Covid charms and where to find them

I don’t have a lot of experience with jewelry, I dislike the feeling of metal on my skin, so that rules out necklaces and rings. I only just got my ears pierced last year, in a post lockdown identity crisis, and have not yet brought myself to wear anything but sleepers outside the house. This semester I was lucky enough to get into the Casting and Metal Alloying, a class that would probably benefit from some basic knowledge of jewelry.

Having said that, I do think I understand the appeal of charms, though I’ve never worn them. I’ve always had trinkets and baubles, and little objects of importance, strewn around my room, kept safe in small boxes. Badges, shells, polaroid’s, leaves, tickets and toys, but this class deals with charms in relation to jewelry, so first!

What is a charm?

A charm is a small artifact, or object, that has some significance or meaning behind it. They’re often designed to be attached to a bracelet, or other piece of wearable jewelry.

During World War 2, soldiers would send home charms that reflected their experiences while stationed overseas. In the image above, sourced from the Museum of Fine Art in Boston, there is a combination of army signifiers, like a jeep, and artillery gun, but also coins from several allied nations.

This type of charm became incredibly popular post WWII in America, as servicemen would bring home these charms from local artisans overseas. My father served in the Australian army, and as a child I remember seeing lots of small charms including Akubra hats, Australian crests, and indigenous animals, all made from silver, or sometimes even pewter. My family home had huge cabinets filled with trinkets, ceramic elephants, tiny glass dogs, and these small charms of Australiana.

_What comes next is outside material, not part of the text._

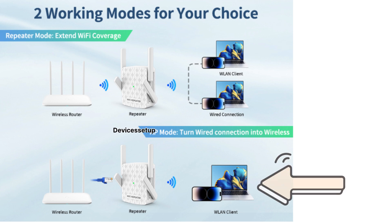If you want better speeds, you can also set it up in access point mode, which provides way faster speeds than extender mode.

I remember having one charm in particular that I attached to a keychain, I can’t for the life of me remember what it was, but I knew it was made from some kind of rough metal or stone. I remember being obsessed with the idea that if I rubbed it enough, I could wear down over time. This somehow made it more valuable to me, that it would eventually disappear.

How is it different to an amulet and a talisman?

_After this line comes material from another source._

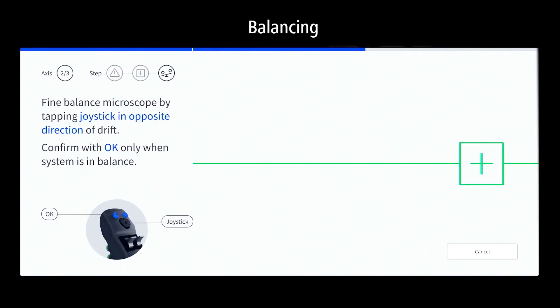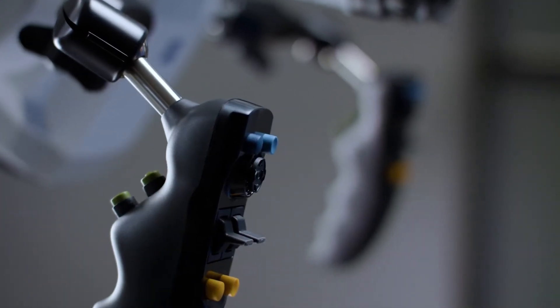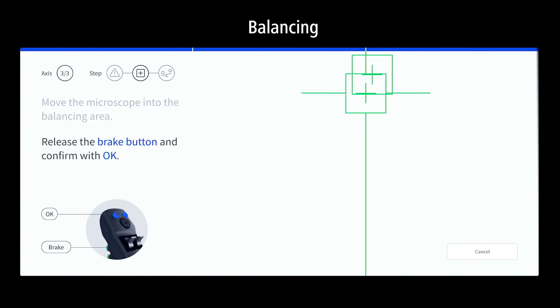Finish the balancing workflow with the last axis by pressing the brake button on the back of the handgrip. Move the system into the balancing area where both crosses align and turn green. Confirm with the OK button.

Traditionally an amulet is an object with apparent magical power, it’s purpose often to protect the owner from the evil influence of others. This can be worn, or simply held in a location, in order to confer it’s powers. Amulets were originally made from natural material, such as animal bone or gemstones, but in more contemporary settings could be made out of any material.

A talisman is thought to be an object of great power, the can provide energy, luck or connect someone to a sense of spirituality. Traditionally made from the bones and trimmings of predatory animals, but more modern totems could include a piece of clothing with significant value, a tool that has proved incredibly useful, or really anything to which a person could form a strong emotional recognition for.

In summary
A charm is for remembering, or tradition
An amulet is for protection, or comfort
And a talisman for power, luck or spirituality

All these functions may apply to each, and the definitions of each seems pretty mailable

Covid Charms

The first class project is titled “Covid Charms”, and it got me thinking about what my charm was. The only item I feel gave me power was my FitBit. I got really into running about halfway through, and it was really good for my mental health. Every time I left the house with the FitBit on, it was a physical reminder of my commitment to self care.